▸ Exercise instructions
Beginning with the very first line, please reproduce the entries exactly through the line containing "super.natural - Kid's".

▸ Provided data
=== Begin Enclosure ===

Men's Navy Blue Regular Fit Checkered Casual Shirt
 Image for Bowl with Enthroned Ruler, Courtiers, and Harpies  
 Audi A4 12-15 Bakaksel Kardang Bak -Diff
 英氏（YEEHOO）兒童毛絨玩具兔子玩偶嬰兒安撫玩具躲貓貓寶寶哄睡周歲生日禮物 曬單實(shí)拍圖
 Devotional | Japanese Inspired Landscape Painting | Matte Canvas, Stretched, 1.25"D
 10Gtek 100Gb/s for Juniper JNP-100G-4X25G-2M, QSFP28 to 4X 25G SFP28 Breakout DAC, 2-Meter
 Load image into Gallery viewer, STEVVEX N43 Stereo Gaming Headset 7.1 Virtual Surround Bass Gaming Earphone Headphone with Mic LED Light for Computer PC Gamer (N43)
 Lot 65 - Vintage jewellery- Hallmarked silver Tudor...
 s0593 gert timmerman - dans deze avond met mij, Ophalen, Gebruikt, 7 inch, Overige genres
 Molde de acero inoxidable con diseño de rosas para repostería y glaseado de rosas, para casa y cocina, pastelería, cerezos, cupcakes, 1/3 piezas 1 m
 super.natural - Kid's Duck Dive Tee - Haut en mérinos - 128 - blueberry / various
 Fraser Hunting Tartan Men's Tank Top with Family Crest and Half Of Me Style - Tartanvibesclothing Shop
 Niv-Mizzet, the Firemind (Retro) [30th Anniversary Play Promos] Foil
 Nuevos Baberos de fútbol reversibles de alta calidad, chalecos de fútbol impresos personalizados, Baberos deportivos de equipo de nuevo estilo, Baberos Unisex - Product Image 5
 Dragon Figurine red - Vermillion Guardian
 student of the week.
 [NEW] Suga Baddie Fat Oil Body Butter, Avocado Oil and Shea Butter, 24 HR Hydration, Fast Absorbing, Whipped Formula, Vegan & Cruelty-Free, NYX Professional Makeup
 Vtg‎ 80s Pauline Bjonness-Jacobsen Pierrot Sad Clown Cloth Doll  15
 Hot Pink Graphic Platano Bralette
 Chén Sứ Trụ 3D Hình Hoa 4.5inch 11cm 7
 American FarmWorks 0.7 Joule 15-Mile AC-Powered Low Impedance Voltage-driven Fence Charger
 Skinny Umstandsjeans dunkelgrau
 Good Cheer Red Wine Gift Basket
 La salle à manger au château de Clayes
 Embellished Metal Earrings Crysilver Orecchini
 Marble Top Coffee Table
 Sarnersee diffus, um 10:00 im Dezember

=== End Enclosure ===

▸ Solution
Men's Navy Blue Regular Fit Checkered Casual Shirt
 Image for Bowl with Enthroned Ruler, Courtiers, and Harpies  
 Audi A4 12-15 Bakaksel Kardang Bak -Diff
 英氏（YEEHOO）兒童毛絨玩具兔子玩偶嬰兒安撫玩具躲貓貓寶寶哄睡周歲生日禮物 曬單實(shí)拍圖
 Devotional | Japanese Inspired Landscape Painting | Matte Canvas, Stretched, 1.25"D
 10Gtek 100Gb/s for Juniper JNP-100G-4X25G-2M, QSFP28 to 4X 25G SFP28 Breakout DAC, 2-Meter
 Load image into Gallery viewer, STEVVEX N43 Stereo Gaming Headset 7.1 Virtual Surround Bass Gaming Earphone Headphone with Mic LED Light for Computer PC Gamer (N43)
 Lot 65 - Vintage jewellery- Hallmarked silver Tudor...
 s0593 gert timmerman - dans deze avond met mij, Ophalen, Gebruikt, 7 inch, Overige genres
 Molde de acero inoxidable con diseño de rosas para repostería y glaseado de rosas, para casa y cocina, pastelería, cerezos, cupcakes, 1/3 piezas 1 m
 super.natural - Kid's Duck Dive Tee - Haut en mérinos - 128 - blueberry / various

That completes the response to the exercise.